Surpreendeu Juliane a taxa de sindicalização das trabalhadoras domésticas em 2000, que cresceu muito, até entre as que não tinham carteira. Na década anterior, o sindicalismo teve um número de greves inferior, bem como o número de conquistas salariais que se igualavam, no máximo, à inflação.
A expectativa dela é que esses dados ajudem a elucidar a realidade no mercado de trabalho e que as trabalhadoras tenham acesso a eles, pois as opções políticas e econômicas que um país faz em um determinado período têm um impacto em especial para trabalhadores mais pobres.
“Espero que as agências governamentais e as entidades da sociedade civil acessem esses dados para entender que essa categoria avançou, contudo é preciso um olhar muito mais cuidadoso, visto que ela carrega o traço da escravidão colonial e da histórica discriminação de gênero na sociedade, que ainda junta elementos de discriminação – as mulheres e as negras”, frisou a estudiosa.
Na opinião de Juliane, essa dissertação ainda não refletiu os impactos da PEC das Domésticas porque eles vão conseguir ser visualizados somente daqui a dois ou três anos, estimou.

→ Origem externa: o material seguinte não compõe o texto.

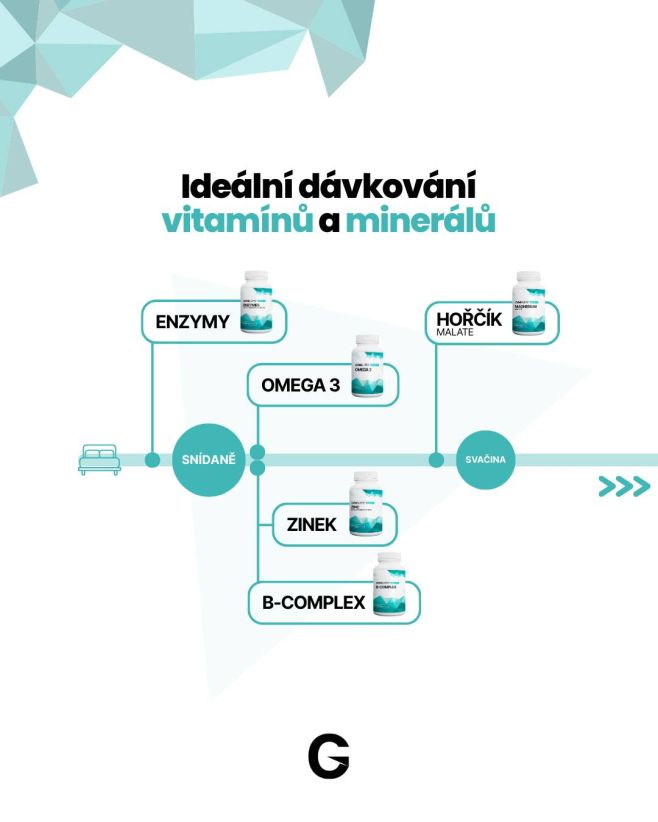 Bereš vitamíny, ale náhodně? 😬 Ráno něco, večer něco… a pak se divíš, že efekt nikde. Pravda je jednoduchá 👉 načasování...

Parte da classe média chegou a alardear que aumentaria o desemprego no país, que não contratariam mais os serviços domésticos. “Fizemos um cálculo rápido sobre o custo do trabalho doméstico com a nova PEC das Domésticas. Para o empregador que já contrata um trabalhador doméstico e paga seus direitos com registro em carteira, pagar o INSS, o FGTS e multa rescisória sai apenas R$ 60,00 mais caro. É pouco para o empregador, mas essencial para garantir o direito previdenciário e o futuro dessa trabalhadora”, realçou.
Uma pesquisa de orçamento familiar identificou que o custo com o trabalho doméstico, para parte das famílias mais ricas do Brasil, associa-se ao custo de telefone, energia elétrica e outros consumos supérfluos.
Transição
Este trabalho também identificou em 2009 a correlação entre trabalho doméstico e crise econômica. Nos períodos de maior crise econômica, 1990 e 2009, cresceu muito o número de trabalhadoras domésticas nesse tipo de emprego, porque caiu a chance de inserção em outro posto.
Muitas trabalhadoras que não estavam na ativa ou perderam seus empregos viram no trabalho doméstico a única possibilidade de renda. Em 1990, 17% das mulheres estavam alocadas no mercado de trabalho doméstico. “Hoje é 15% das mulheres. Ainda é um percentual elevado, contudo diminuiu para crescer em outras ocupações, como comércio, administração pública e serviços educacionais, mostrando que essas profissionais estão se inserindo melhor”, afirmou.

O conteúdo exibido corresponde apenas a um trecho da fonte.